Records provided >>
++++++++
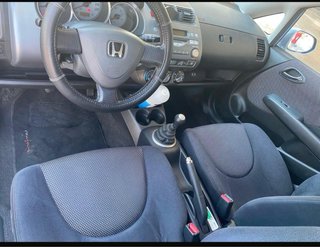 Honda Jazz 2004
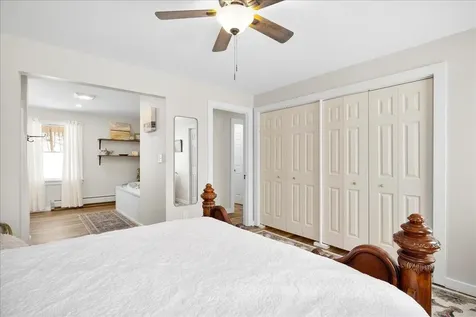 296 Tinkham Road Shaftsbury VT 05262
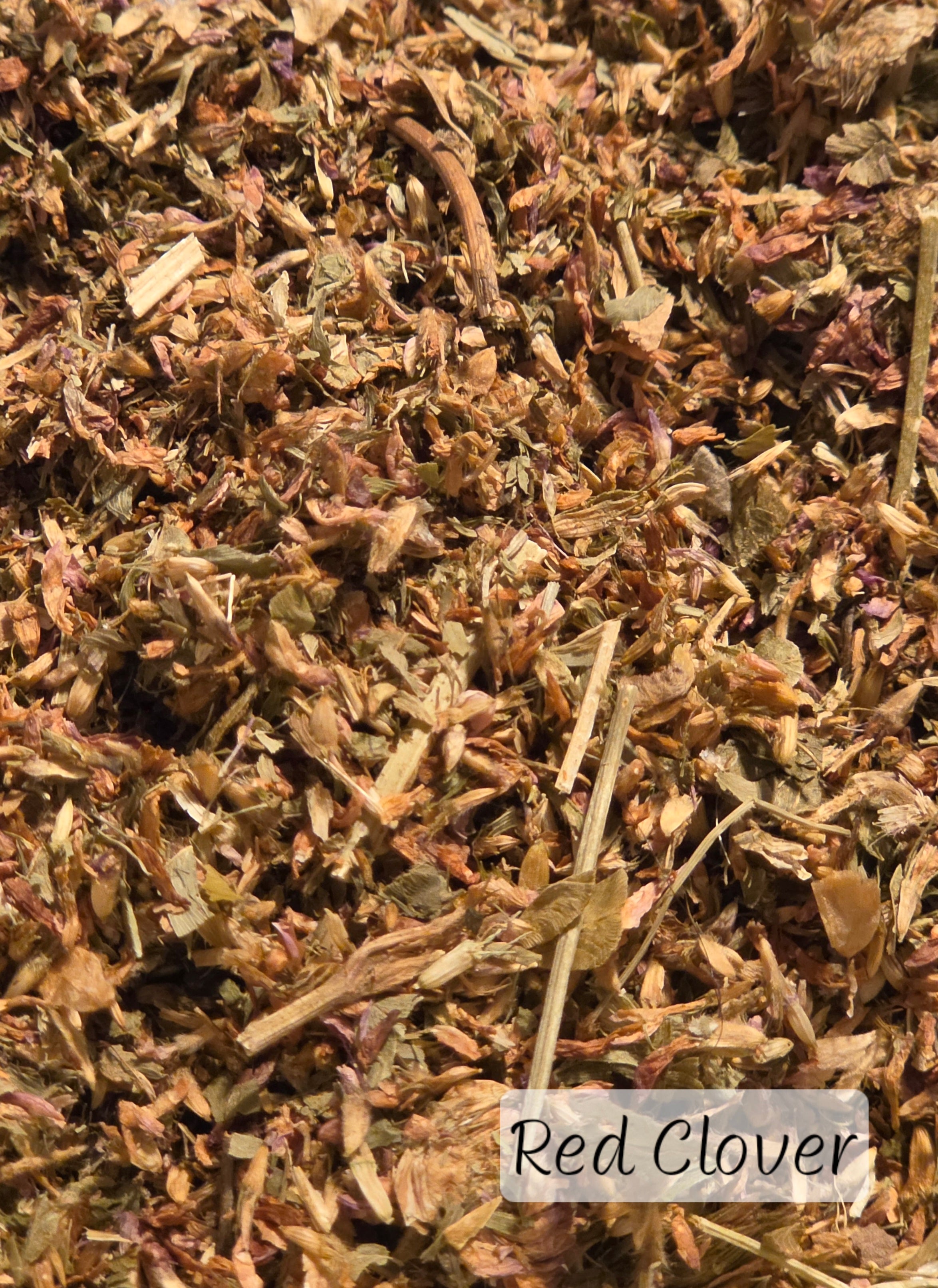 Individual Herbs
++++++++
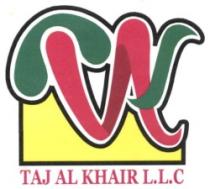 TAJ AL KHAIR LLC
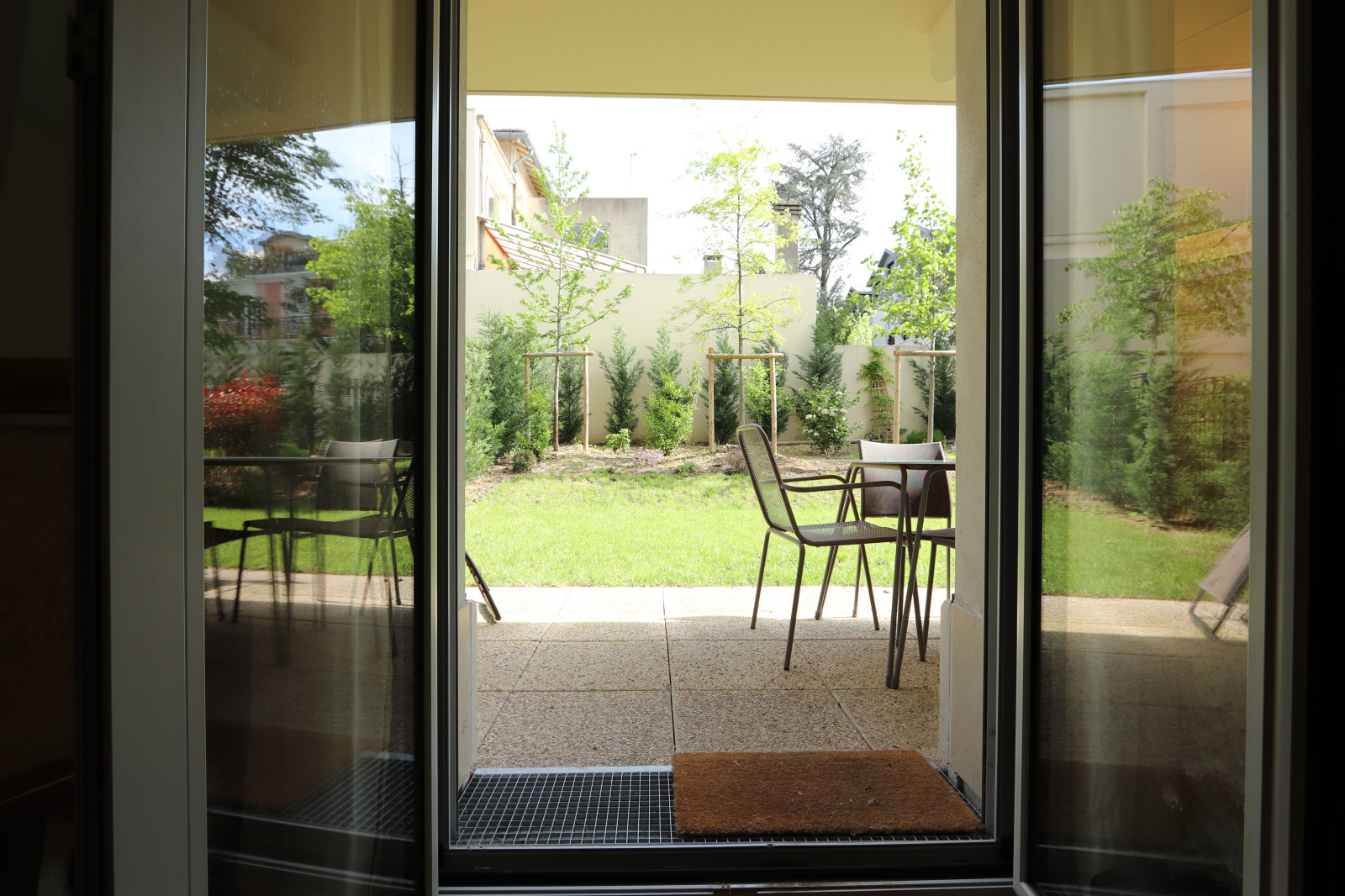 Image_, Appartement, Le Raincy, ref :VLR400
++++++++
Your assignment >>
In the data above, retype only the stretch from the line with "TAJ AL KHAIR LLC" through the line with "Image_, Appartement, Le Raincy, ref :VLR400", word for word, and skip any pictures.

Exercise solution >>
 TAJ AL KHAIR LLC
 Image_, Appartement, Le Raincy, ref :VLR400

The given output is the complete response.